Das alles sind doch müßige Spekulationen, sollte man meinen. Schließlich handelt es sich bei der Katze um ein eindeutig makroskopisches Objekt, während die Quantenphysik für den Mikrokosmos zuständig ist. Mag sein, doch die Grenzen zwischen dem winzig Kleinen und dem alltäglich Fassbaren verschwinden. So gibt es inzwischen "Bose-Einstein-Kondensate", ultrakalte Gase mit mehreren tausend Atomen, die sich wie ein einziges Quantenteilchen verhalten. Inzwischen hat man die Anzahl der Atome auf zehn Millionen gesteigert. Vom Standpunkt eines menschlichen Betrachters aus ist das noch immer recht wenig, aber in supraleitenden Schaltkreisen können solche Überlagerungen wie bei Schrödingers Katze bei tiefen Temperaturen in Objekten hergestellt werden, die man mit bloßem Auge sehen kann. Diese Zustände heißen sogar offiziell "Katzenzustände", zu Ehren der malträtierten Katze aus Schrödingers Höllenmaschine.

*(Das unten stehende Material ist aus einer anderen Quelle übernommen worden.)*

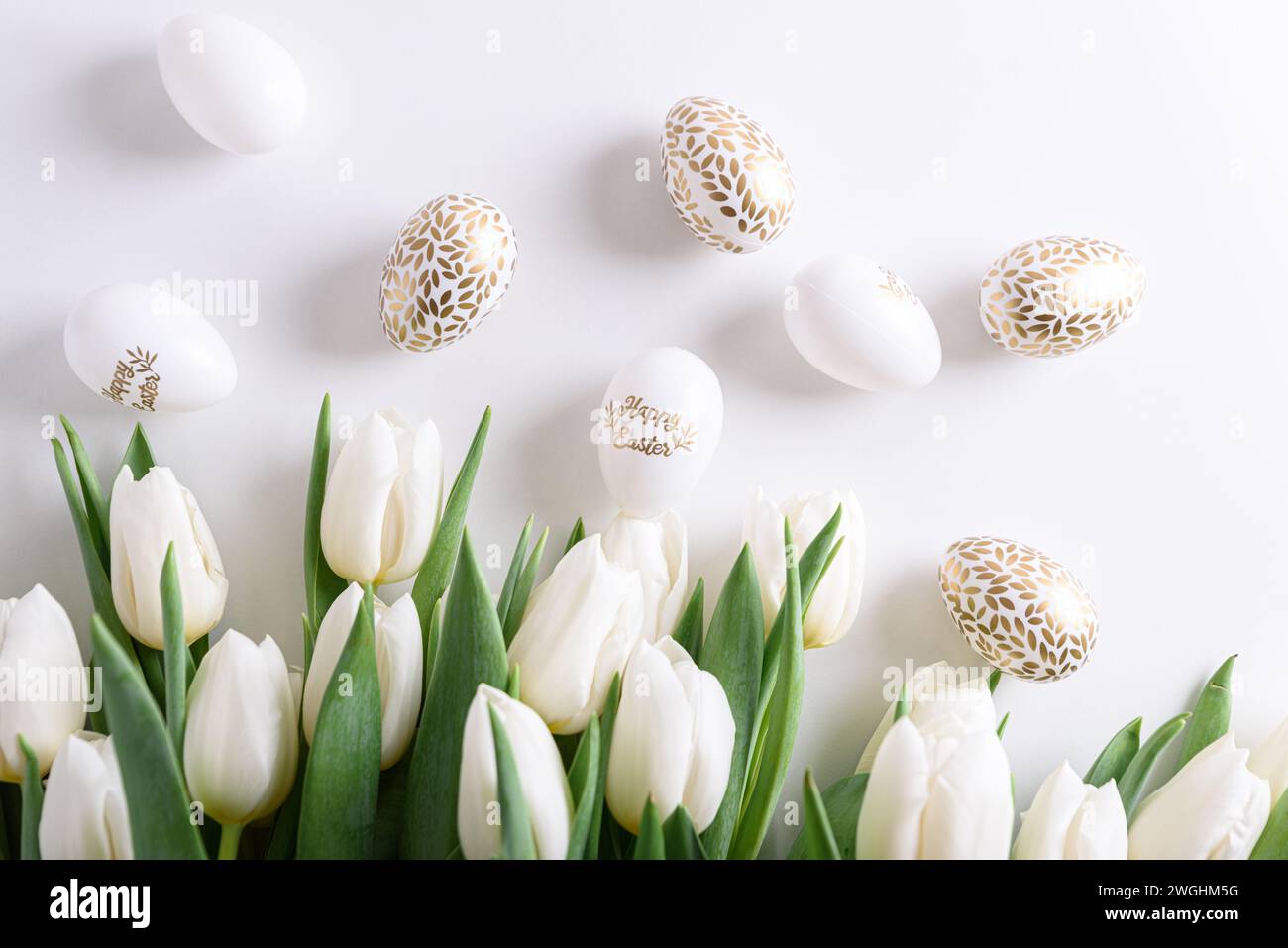 Bordure florale de bouquet de tulipes blanches, oeufs de Pâques et jouets sur fond blanc. Concept de célébration de Pâques. Espace de copie. Vue de dessus Banque D'Images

Mehr noch: Mit einem solchen Katzenzustand konnten Nadav Katz (der Name ist reiner Zufall!) und Mitarbeiter von der kalifornischen Universität in Santa Barbara im Jahre 2008, metaphorisch gesprochen, einen kurzen Blick in die Höllenmaschine werfen, ohne die Katze zu "kollabieren", um dann, nach Verschließen des Deckels, die kurze Störung wieder rückgängig zu machen, sodass die "Katze" weiterhin im Schwebezustand zwischen Leben und Tod verharrte. Oder, etwas wissenschaftlicher ausgedrückt: Ein Supraleiter, bei dem bei tiefen Temperaturen der elektrische Widerstand verschwindet, kann zwei Energien besitzen, eine niedrige und eine hohe. Mit unserer Katzen-Analogie können wir die niedrige Energie mit dem Tod der Katze gleichsetzen, während sie bei hoher Energie noch lebt.
Der Supraleiter wurde so präpariert, dass erst mal beide Energieformen vorhanden sind (Katzen-Analogie: lebendig und tot zugleich). Durch Einschalten einer Barriere für die niedrige Energie konnten sie 'messen' (eigentlich nur vermuten), dass das System im Zustand niedriger Energie ist, sonst wäre nämlich durch den quantenphysikalischen Tunneleffekt ein wenig von der höheren Energie über die Barriere geschwappt. Die Katze war also, nach einem kurzen Blick in die Schachtel, mit größter Wahrscheinlichkeit schon tot.
Jetzt wurden die Energien vertauscht, und eine erneute (schwache) Messung machte die erste Messung zunichte. Die Forscher fanden sozusagen einen "Messungsradierer", sie machten die vermutlich tote Katze wieder lebendig. Kommentar des Quantenphysikers Vlatko Vedral von der britischen Universität in Leeds: "Wir können nicht annehmen, dass eine Messung erst die Wirklichkeit erschafft, da es möglich ist, die Effekte einer Messung rückgängig zu machen." Mit anderen Worten: Wir können die durch eine Messung angeblich erschaffene Realität durch eine Anti-Messung wieder zum Verschwinden bringen. Das ist wahre Magie!